In recent years, the rising cost of textbooks has caught the attention of everyone from government agencies to the media. But, college stores have been taking action against the issue for years, ensuring they offer the lowest prices possible to their students. Columbus State Community College, located in Columbus, Ohio, has been at the forefront of the movement, doing all that they can to provide the best value; and they have faculty, students, administration and, of course, bookstore staff members, involved in the effort.
Two years ago, the school formed a Textbook Affordability Advisory Committee to help guide their initiatives. The group includes 16 members plus two advisors.
“It’s a good cross-section of the college,” said Jonathan Kreger, assistant professor of Political Science and co-chair of the advisory committee. “It allows us to gain different groups’ perspectives and devise solutions that have a real impact across the board. We’ve hosted a statewide Textbook Affordability Summit, talked with focus groups of faculty and students, and implemented several other initiatives. We’re making a big effort as an institution to ensure that our students receive fairly-priced course materials.”
“I think what makes our store’s situation unique is our strong partnership with all of the departments on campus,” explained Stacey Mulinex, director of The Columbus State Bookstore. “We all work together to help lower the cost to our students.”
“As a store, we do our best to offer as many options as possible," said Phillip Sanders, textbook supervisor. "Rentals are available in our store and online, we’re aggressive in obtaining used books and we’re always open to carrying an e-book if it’s requested by a student or faculty member. We also offer price comparison on our website and implement dynamic pricing to ensure we’re competitive.”
The most important aspect of their efforts, however, has been educating their students on the services they offer.

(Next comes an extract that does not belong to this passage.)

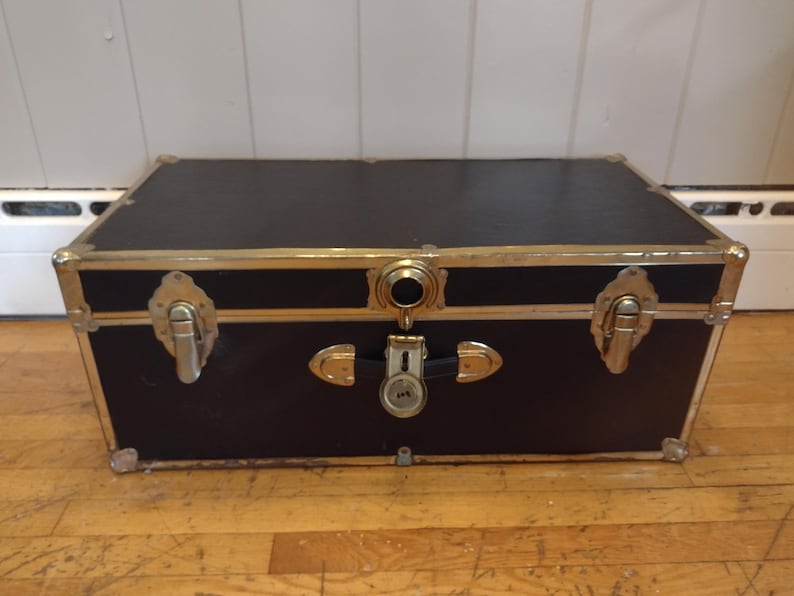 May include: A vintage black trunk with gold-colored metal trim and hardware. The trunk has a rectangular shape with a flat top and is secured with a lock and latches. The trunk is sitting on a wooden floor.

With the support of the committee, the store recently approached the idea from a different angle with a video that presents the information in a humorous way.
“It outlines the various ways students can save money at our store by showing them, rather than simply telling,” Mulinex said. “It’s been a great way to reach new students and teach them about what we can offer.”
The video was originally intended to only be shown in a first-year experience seminar class that each freshman enrolls in; however, the administration was so pleased with the final product that they featured it on the front page of the college’s website, as well!
“We got more out of it than we bargained for, which is great!” Mulinex added.
“We wrote it in such a way that it can be used for several years without having to be updated,” agreed David Wayne, media relations coordinator. “We’ll be able to use it at least two times each year to continue educating our newly-arriving students.”
The video now has more than 800 views and has been more than successful in educating incoming students and their families about Columbus State Community College’s dedication to affordability.
“It’s opened the door for a conversation with incoming students, and that’s invaluable.” Mulinex described.
“This is just one of the first in a series of projects aimed at educating students on our textbook affordability efforts,” Wayne added. “We’re looking forward to more opportunities to approach the topic in different ways.”